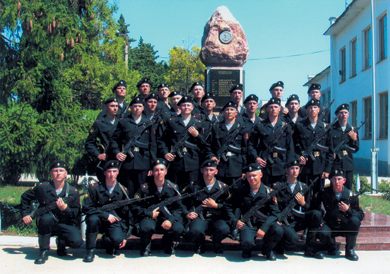 Полк морской пехоты Черноморского флота встречает молодое пополнение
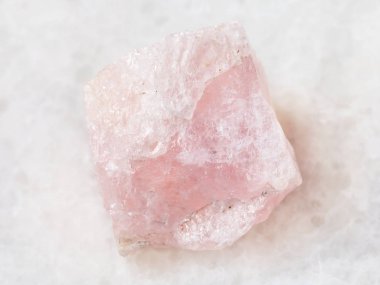 ham kristal morganite (pembe beryl) beyaz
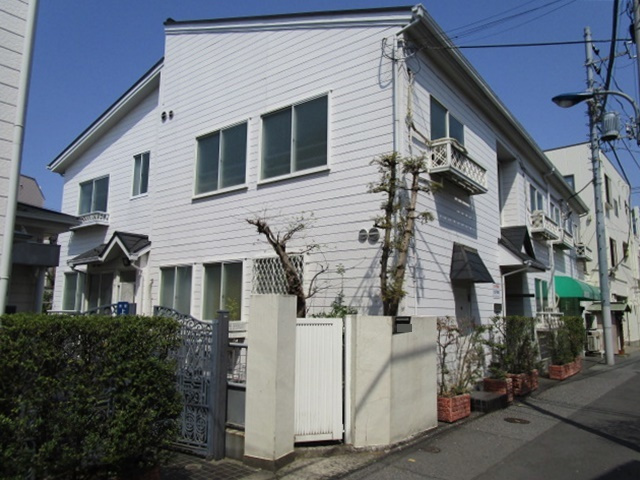 オレンジコーポの外観|日当たり良好なアパートです。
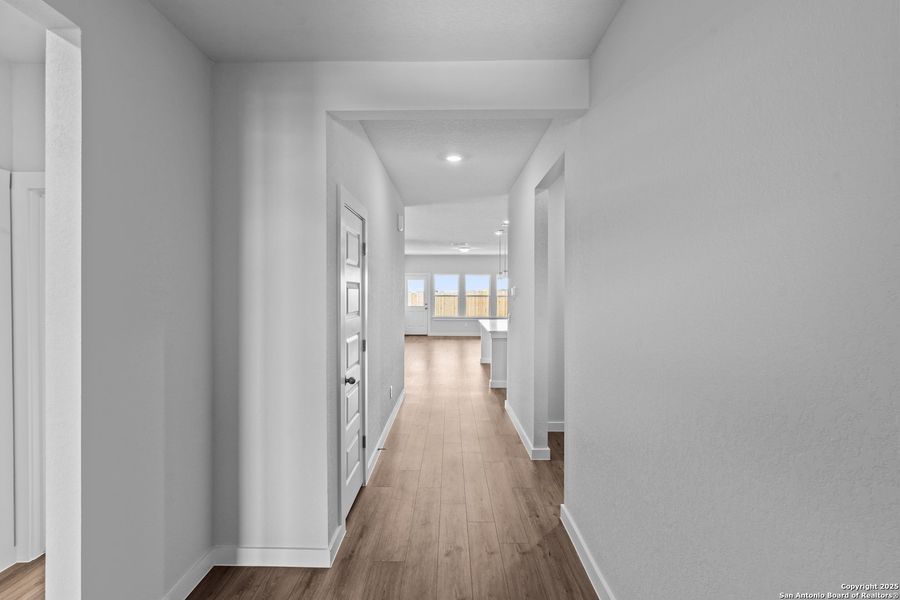 Spacious, unfurnished interior of a new home in Weltner Farms 50’s, New Braunfels (Image 13). Spacious, unfurnished interior of a new home in Weltner Farms 50’s, New Braunfels (Image 13).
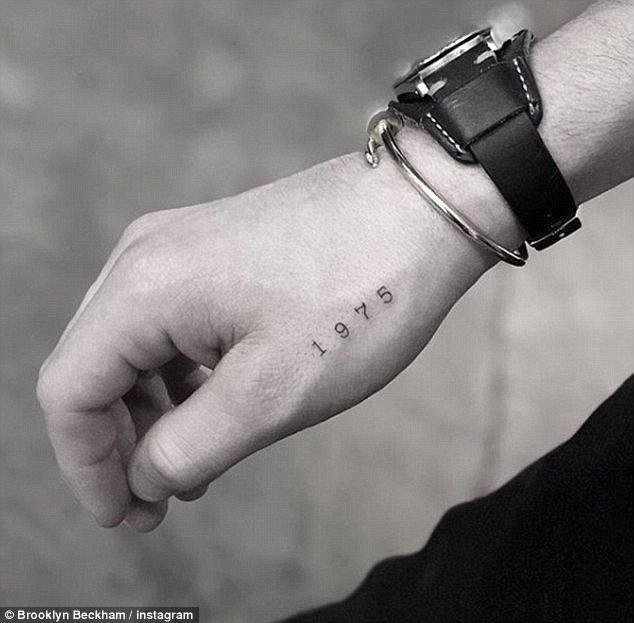 贝克汉姆|贝克汉姆大儿子将富贵未婚妻双眼纹上颈，干啥啥不行，示爱第一名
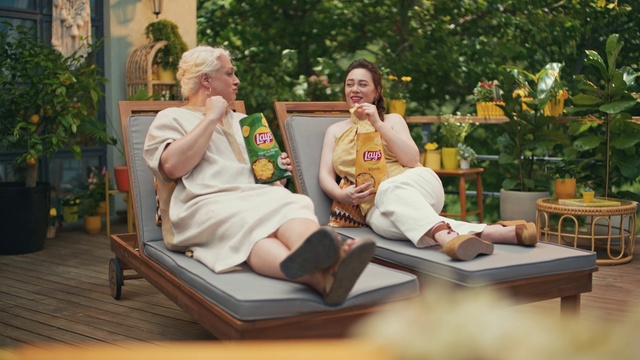 Video Reference: Plant, Comfort, Leisure, Fun, Outdoor furniture, Grass, Wood, Happy, Recreation, Event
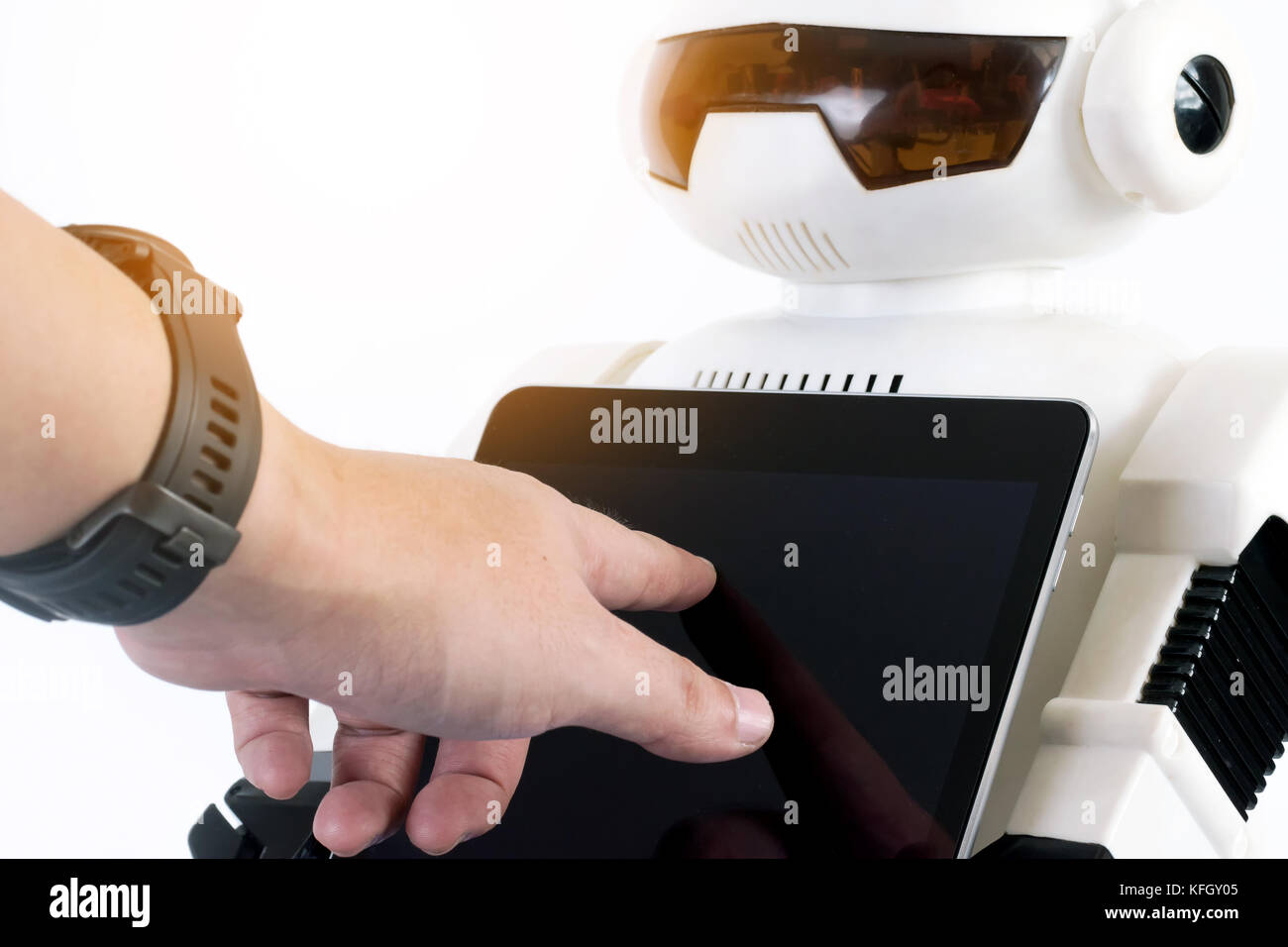 Robotics , intelligenza artificiale tecnologia tendenze concept. Autonomo assistente personale robot personale Consulente domestico con sfondo bianco. F umana Foto Stock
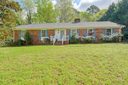 221 Lakewood Drive sold home in Spartanburg, SC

......

Word for word, write out the lines above running from the one with "ham kristal morganite (pembe beryl) beyaz" up to and including the one with "Video Reference: Plant, Comfort, Leisure, Fun, Outdoor". Drop any picture.

 ham kristal morganite (pembe beryl) beyaz
 オレンジコーポの外観|日当たり良好なアパートです。
 Spacious, unfurnished interior of a new home in Weltner Farms 50’s, New Braunfels (Image 13). Spacious, unfurnished interior of a new home in Weltner Farms 50’s, New Braunfels (Image 13).
 贝克汉姆|贝克汉姆大儿子将富贵未婚妻双眼纹上颈，干啥啥不行，示爱第一名
 Video Reference: Plant, Comfort, Leisure, Fun, Outdoor furniture, Grass, Wood, Happy, Recreation, Event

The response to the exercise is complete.